With this in mind, I went back to the first episode, aired in 2009, to trace the
origins of the story. Set in Los Angeles, it is narrated by Michael (Jim Gleeson), an ex-army officer who has to cope with
the city being overrun by zombies. He and his two colleagues Angel (Shane Selk) and Saul (Nate Geez) have to learn to work
together as a team to try and save themselves, as well as look for other survivors. This is no easy task; while the three
men are not competitive per se, they have their own widely differing views as to the most prudent course of action.
However director KC Wayland does not judge any of them; he realizes that in extreme situations, conceptions of "reasonable"
and "unreasonably" behaviour fall by the wayside. We're Alive is thus a study in human relationship, as well as a
science fiction epic.
By the end of the first chapter, the three men have been joined by Pegs (Elisa Eliot)
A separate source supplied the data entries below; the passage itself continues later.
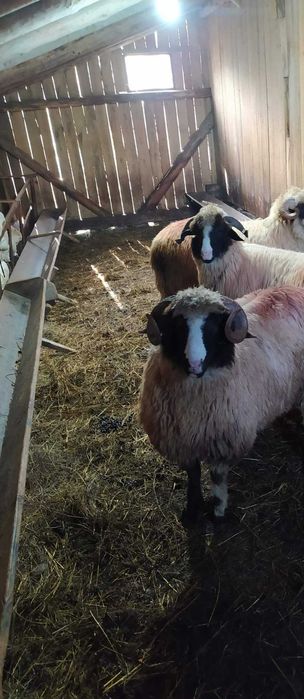 Berbec breaz din 2021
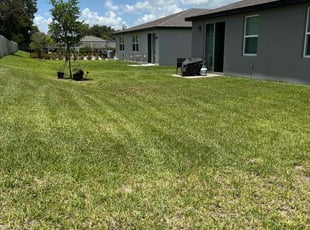 Rose C.'s Grass Cutting service result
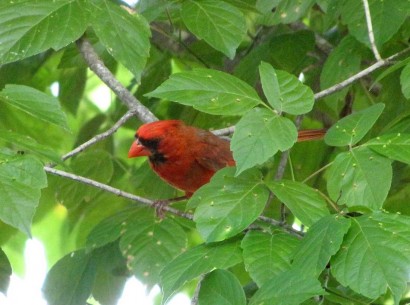 red bird
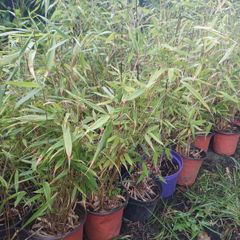 Fargesia bamboo non invasive 1L pots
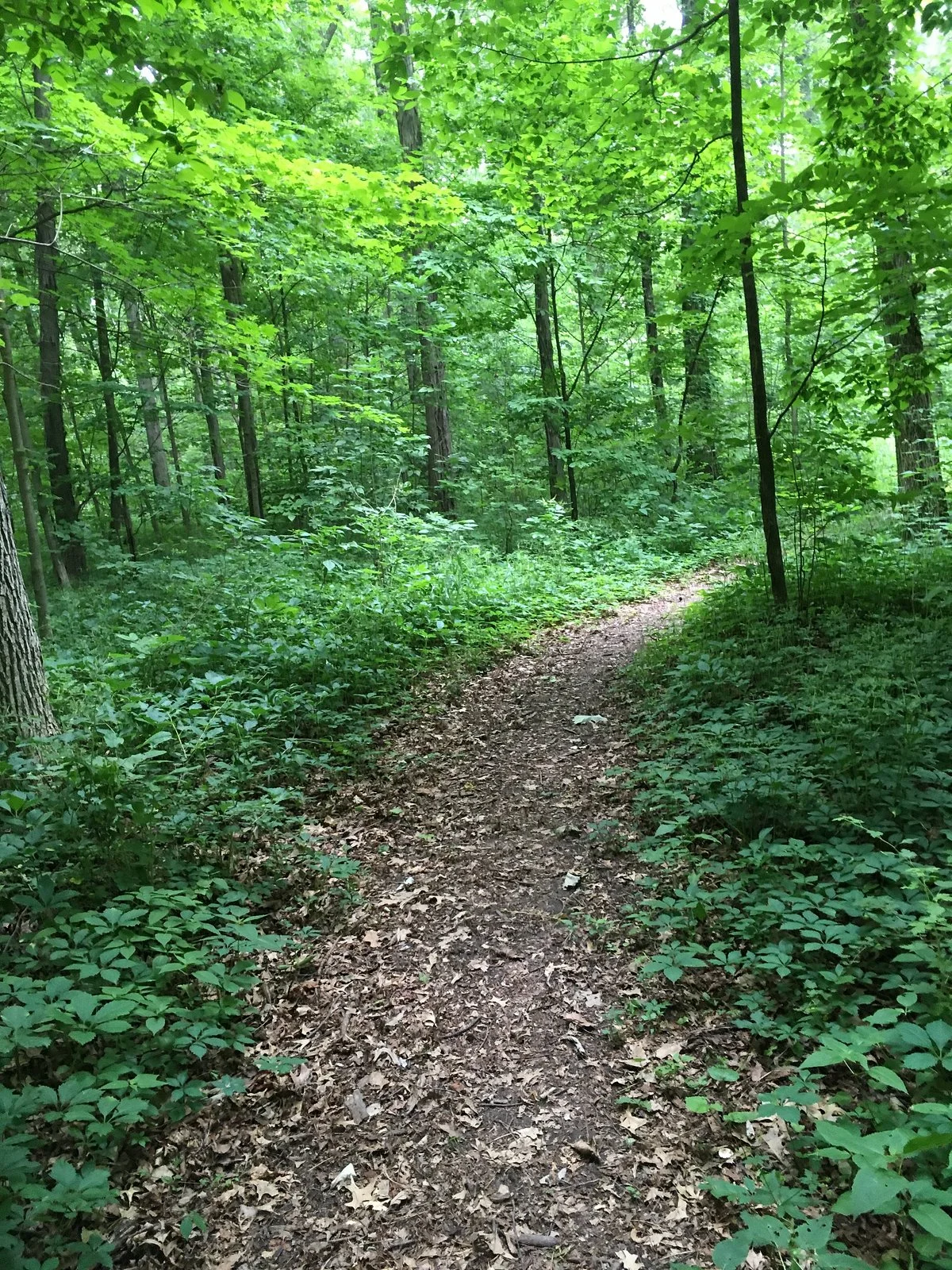 Heritage Trails Park District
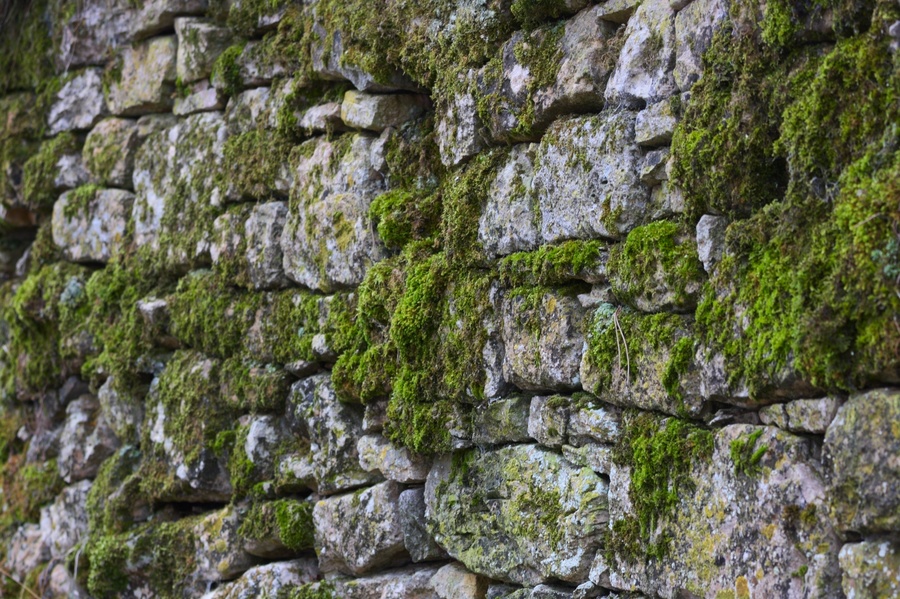 Mur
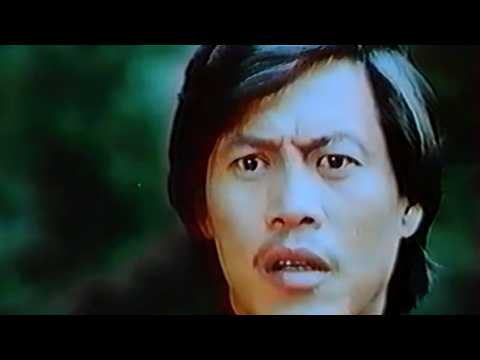 Tiger Love (1977) Film complet en français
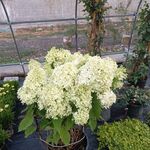 圆锥绣球花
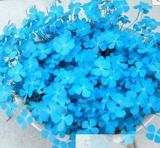 200 Blue Lucky Four Leaf Clover Grass Plants Countryside Decoration Flower Plants for Home Garden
and Riley (Claire Dodin), two female survivors of the disaster. The relationship between them and the three men is often stormy:
while the men often regard them either as sex-objects or flirts (with only one thing in mind), the women themselves are amused
by what they perceive as the men's quaintly old-fashioned conceptions of gender. They believe that everyone should be equal.
Wayland's production offers another interesting side-effect on the disaster: when 'normal' conceptions of 'maleness' and 'femaleness'
are destroyed, the protagonists start to re-examine one another's reactions.
While We're Alive offers some interesting comments on human nature,
it is at heart an exciting science fiction epic. Michael narrates the drama with the kind of world-weary cynicism normally
associated with classic detective fiction (e.g. Raymond Chandler), but this does not mean that he is not involved in trying
to save his world. On the contrary, his detachment emphasizes how difficult the task actually is; no one really knows how
to get rid of the zombies, or whether they can be entirely eliminated. The episodes become a matter of trial and error, where
the human beings try their best to survive in a limited space (a fifteen-storey building), while looking out for further invaders.
Sonically speaking, the drama is brilliantly illustrated with the sound of banging
doors, the click of safety-catched being removed and shots firing, contrasted with the uneathly gurgling sound of the zombies,
perpetually threatening the human beings.
We're Alive provides an object lesson in how to construct a serial podcast
that not only builds a substantial listener base, but knows how to maintain their interest. I'll certainly do my best to catch
up with the story, even though I know it will take some time to do so.